When the property over which a right is claimed under this section belongs to the Government, this section shall be read as if, for the words “twenty years” the words “thirty years” were substituted.

22. In this case the requirements for acquiring easement by prescription or easement of necessity have not been fulfilled. Smt. Chahi purchased this property bona fide for consideration from the custodian. It was an evacuee property. Sale in her favour was confirmed. She was put in possession. Plaintiff could not be allowed to set at naught her ownership of this land simply because he says that he and the other inhabitants of the village, pass through this land and water their cattle in the johar lying in this land.
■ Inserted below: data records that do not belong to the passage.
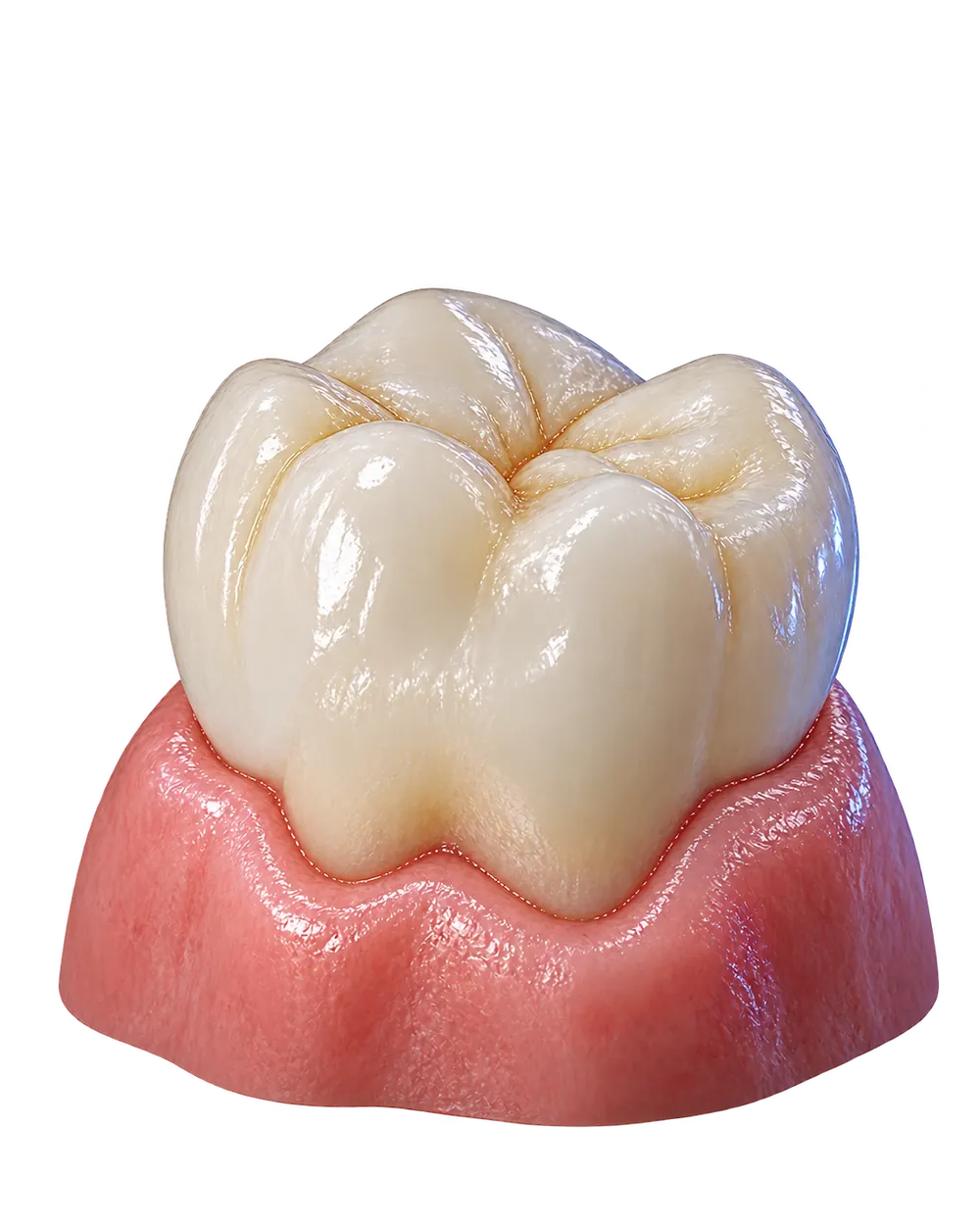 Zirkonyum kaplama konusunu açıklayan temsili dental model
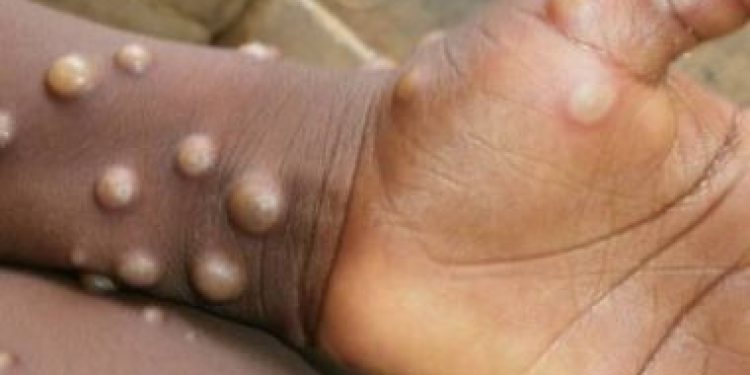 SeSaB faz recomendações para evitar contágio da varíola dos macacos: ‘Não há casos suspeitos’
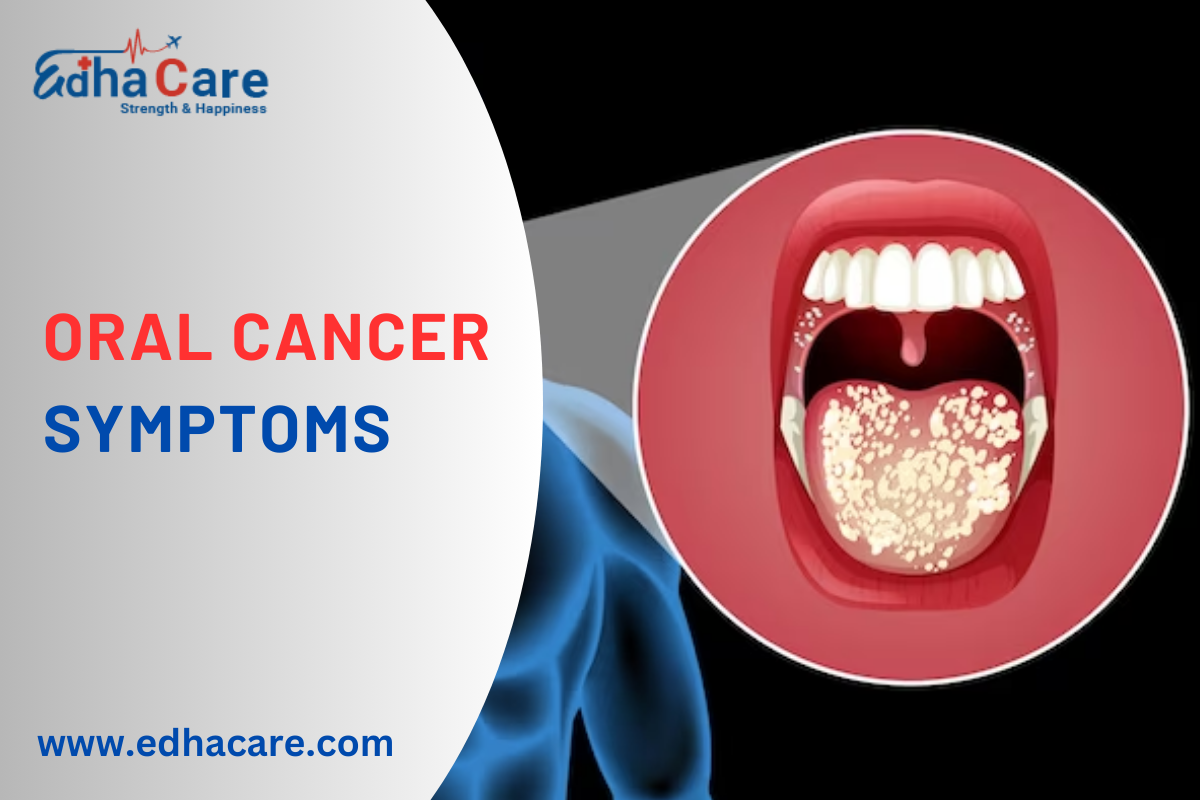 Oral Cancer Symptoms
Oral evidence could not be preferred in the face of documentary evidence, which suggests that there are no streets passing through this land. There is no passage passing through this land. There is no evidence that the plaintiff exercised the alleged right of easement for a period of 30 years, it being an evacuee property.

23. Plaintiff should have proved that he and the other inhabitants of the village had set up bitoras in this land prior to 1947. He should have proved that johar/bhata etc. had also been in existence since before the year, 1947. He should have produced some jamabandi which was in vogue prior to the year, 1947 so that it could be seen whether this land was gair mumkin johar then also.

24. For the reasons given above, I am of the opinion that Smt. Chahi is the owner of this land on account of her purchase from the custodian for consideration. She was put in possession of this land. There is no right of easement in the plaintiff or other inhabitants of the village on this land. Sale in favour of Smt. Chahi conducted by the Custodian Department was valid, legal and proper. Gram Panchayat was not owner of this land. This land never vested in the Gram Panchayat, Appeal succeeds and is accepted and judgment and the decree passed by the Additional District Judge, Hissar dated 18-1-1986 are set aside and those passed by Sub-Judge IInd Class, Hansi dated 24-8-1982 are restored. In consequence, suit filed by Chhotu is dismissed. No order as to costs.